Closed prgx-csmith01 closed 3 years ago
Hi @prgx-csmith01 Would it be possible for you to redact everything from the PDF and then share it so that it can be added as a test to PR #298 ?
Hi @samkit-jain , I can't share the PDF but we have created a test file for you with an example of the metadata issue. I hope this helps. Thanks!
Many thanks @prgx-csmith01 I have updated the PR #298 with the test case.
As an aside: That integer value of the Copies entry is invalid.
According to the specification:
14.3.3 Document Information Dictionary
...
The value associated with any key not specifically mentioned in Table 317 shall be a text string.
(ISO 32000-1)
... and neither is there any Copies entry in table 317 nor any other entry with a numeric type, merely text strings, dates, and names.
Thus, this issue strictly speaking is not a bug (as labeled currently) but a request to support one more type of invalid PDFs.
@mkl-public That's a good point, and thank you for raising it. I think your diagnosis is correct. I certainly don't want to slide down the slippery slope of trying to handle all malformed PDFs. In this case, however, @samkit-jain has PR'ed an efficient solution — it's a simple adjustment, and one that hopefully will accommodate a few other classes of invalid metadata entries in the future (without becoming a burden on the processing of valid PDFs).
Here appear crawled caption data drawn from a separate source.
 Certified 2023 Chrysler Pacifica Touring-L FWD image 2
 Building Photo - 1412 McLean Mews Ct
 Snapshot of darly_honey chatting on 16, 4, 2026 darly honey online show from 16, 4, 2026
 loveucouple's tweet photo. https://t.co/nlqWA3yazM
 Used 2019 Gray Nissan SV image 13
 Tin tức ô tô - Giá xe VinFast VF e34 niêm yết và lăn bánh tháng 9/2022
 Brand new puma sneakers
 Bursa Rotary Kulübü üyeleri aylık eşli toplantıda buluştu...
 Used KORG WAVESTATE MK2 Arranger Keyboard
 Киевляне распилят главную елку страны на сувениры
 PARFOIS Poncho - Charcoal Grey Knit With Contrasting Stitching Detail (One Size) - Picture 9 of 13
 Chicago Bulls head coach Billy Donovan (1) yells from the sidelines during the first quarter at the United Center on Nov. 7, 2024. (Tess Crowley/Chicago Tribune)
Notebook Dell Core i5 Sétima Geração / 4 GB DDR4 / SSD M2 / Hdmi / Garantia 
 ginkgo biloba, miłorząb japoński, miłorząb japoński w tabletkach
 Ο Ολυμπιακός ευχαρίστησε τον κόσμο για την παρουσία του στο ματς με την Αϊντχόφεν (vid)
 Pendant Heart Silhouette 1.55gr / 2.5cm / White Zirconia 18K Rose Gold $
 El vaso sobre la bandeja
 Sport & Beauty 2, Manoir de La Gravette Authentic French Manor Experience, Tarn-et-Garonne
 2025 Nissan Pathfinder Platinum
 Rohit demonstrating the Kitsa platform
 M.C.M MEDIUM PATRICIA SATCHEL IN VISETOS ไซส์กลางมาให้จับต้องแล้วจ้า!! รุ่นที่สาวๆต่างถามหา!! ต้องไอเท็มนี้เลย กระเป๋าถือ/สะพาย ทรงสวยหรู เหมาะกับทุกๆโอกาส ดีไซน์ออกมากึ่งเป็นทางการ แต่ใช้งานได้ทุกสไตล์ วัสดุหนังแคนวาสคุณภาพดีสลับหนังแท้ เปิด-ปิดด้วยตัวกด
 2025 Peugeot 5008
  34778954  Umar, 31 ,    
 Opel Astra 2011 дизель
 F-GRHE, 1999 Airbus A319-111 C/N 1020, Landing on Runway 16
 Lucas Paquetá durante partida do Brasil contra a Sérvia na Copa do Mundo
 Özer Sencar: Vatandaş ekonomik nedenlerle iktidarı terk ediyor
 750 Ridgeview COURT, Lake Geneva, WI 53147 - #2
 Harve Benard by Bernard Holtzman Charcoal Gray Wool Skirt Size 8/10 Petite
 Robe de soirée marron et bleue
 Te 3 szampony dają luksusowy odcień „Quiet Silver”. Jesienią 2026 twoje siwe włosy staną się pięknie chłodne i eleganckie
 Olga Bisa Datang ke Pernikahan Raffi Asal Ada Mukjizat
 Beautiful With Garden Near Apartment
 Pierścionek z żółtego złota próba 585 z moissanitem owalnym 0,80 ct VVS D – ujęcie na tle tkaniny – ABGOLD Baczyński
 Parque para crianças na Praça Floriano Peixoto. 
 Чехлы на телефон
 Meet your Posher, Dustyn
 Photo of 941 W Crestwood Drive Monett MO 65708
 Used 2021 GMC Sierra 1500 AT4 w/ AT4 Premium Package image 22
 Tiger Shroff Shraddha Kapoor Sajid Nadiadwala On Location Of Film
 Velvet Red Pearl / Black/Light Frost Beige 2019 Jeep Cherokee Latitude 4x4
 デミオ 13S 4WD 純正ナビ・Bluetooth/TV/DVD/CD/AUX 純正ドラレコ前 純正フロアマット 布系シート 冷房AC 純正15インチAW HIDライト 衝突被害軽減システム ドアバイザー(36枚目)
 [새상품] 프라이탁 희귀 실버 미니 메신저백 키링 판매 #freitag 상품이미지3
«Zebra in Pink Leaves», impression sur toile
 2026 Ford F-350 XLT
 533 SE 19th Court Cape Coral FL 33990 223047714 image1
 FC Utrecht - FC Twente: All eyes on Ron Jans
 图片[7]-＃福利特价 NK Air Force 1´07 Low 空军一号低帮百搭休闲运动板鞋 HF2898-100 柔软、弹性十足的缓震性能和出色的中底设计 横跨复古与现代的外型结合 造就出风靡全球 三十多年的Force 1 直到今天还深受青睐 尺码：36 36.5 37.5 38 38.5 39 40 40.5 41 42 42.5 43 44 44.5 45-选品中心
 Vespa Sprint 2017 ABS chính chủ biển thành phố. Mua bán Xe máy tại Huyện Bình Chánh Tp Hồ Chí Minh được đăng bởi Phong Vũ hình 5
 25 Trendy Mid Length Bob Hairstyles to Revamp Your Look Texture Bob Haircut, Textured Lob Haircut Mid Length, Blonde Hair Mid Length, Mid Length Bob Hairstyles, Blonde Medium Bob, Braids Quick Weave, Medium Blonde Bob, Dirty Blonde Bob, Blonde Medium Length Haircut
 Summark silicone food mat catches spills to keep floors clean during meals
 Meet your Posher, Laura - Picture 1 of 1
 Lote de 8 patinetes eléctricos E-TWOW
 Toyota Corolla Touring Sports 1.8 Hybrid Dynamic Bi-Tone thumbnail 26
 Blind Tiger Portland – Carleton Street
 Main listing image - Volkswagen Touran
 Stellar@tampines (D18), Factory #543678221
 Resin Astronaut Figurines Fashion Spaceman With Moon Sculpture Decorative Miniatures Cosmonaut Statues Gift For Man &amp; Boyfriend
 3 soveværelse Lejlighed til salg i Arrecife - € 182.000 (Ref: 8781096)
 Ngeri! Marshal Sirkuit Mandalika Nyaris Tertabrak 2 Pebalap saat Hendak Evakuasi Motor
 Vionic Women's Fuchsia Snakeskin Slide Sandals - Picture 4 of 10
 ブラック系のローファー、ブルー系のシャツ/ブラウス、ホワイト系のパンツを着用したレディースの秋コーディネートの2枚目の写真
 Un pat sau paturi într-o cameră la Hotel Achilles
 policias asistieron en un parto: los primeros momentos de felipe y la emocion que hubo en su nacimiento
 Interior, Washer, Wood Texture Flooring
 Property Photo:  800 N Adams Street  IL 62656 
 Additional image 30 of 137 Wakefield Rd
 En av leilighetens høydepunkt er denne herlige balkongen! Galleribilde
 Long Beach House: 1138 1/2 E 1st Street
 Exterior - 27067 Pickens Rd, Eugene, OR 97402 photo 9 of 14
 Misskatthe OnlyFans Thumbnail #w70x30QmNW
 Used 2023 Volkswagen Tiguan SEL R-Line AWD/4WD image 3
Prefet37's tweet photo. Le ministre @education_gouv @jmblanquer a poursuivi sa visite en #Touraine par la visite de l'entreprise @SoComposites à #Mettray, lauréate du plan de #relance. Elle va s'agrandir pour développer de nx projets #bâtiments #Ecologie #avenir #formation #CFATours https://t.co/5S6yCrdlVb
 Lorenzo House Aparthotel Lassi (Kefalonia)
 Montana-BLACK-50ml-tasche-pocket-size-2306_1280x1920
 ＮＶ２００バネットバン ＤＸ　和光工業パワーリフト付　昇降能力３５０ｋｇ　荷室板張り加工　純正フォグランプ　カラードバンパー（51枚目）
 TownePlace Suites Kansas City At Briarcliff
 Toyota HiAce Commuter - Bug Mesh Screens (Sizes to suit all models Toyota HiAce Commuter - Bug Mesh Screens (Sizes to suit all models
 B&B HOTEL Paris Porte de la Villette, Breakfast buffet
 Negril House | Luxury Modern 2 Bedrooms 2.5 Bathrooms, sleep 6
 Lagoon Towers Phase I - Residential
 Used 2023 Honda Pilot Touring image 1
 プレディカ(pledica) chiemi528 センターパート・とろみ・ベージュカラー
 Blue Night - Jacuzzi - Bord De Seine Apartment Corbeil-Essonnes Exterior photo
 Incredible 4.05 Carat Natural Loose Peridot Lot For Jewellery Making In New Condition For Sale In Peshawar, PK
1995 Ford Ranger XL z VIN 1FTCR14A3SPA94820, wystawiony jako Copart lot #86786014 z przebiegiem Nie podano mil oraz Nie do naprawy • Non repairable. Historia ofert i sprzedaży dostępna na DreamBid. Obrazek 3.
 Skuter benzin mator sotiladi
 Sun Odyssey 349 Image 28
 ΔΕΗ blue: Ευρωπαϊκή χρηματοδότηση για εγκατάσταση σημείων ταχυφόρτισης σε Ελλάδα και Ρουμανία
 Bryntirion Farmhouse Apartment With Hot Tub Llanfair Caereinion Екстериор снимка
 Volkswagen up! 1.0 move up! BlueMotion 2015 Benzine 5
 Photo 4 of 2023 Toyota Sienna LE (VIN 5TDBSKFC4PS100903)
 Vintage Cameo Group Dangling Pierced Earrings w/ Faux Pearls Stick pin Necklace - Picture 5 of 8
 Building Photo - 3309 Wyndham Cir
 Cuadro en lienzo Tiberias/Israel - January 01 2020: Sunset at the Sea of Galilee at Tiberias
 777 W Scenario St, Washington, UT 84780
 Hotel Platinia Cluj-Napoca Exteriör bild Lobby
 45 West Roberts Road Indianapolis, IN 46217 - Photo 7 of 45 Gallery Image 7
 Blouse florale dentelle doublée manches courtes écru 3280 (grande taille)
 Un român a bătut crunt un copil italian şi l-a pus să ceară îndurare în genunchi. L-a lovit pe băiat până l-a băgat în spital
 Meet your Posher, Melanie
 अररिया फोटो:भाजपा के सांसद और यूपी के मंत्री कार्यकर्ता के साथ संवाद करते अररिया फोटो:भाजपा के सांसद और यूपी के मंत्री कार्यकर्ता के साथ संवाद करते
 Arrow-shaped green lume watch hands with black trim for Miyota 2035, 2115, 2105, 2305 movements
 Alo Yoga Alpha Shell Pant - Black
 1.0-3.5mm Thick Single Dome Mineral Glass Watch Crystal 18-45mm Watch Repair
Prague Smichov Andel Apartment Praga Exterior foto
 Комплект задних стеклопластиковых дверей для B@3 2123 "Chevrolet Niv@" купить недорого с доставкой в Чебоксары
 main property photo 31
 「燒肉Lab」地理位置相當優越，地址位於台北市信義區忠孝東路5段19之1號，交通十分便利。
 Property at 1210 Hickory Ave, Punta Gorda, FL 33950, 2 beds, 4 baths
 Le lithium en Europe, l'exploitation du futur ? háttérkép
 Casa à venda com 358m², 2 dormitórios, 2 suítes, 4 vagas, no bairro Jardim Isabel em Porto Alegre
Closed via https://github.com/jsvine/pdfplumber/pull/298; now available in develop
and will appear in the next release.
I have received this error message for a PDF file:
It seems that there is no handling for integer metadata in the init of pdf.py
Previously there was a similar bug raised #67 for boolean objects.
I cannot provide the PDF used that caused this error as it is client data. The metadata of the file contains { ... , "Copies" : 0 }.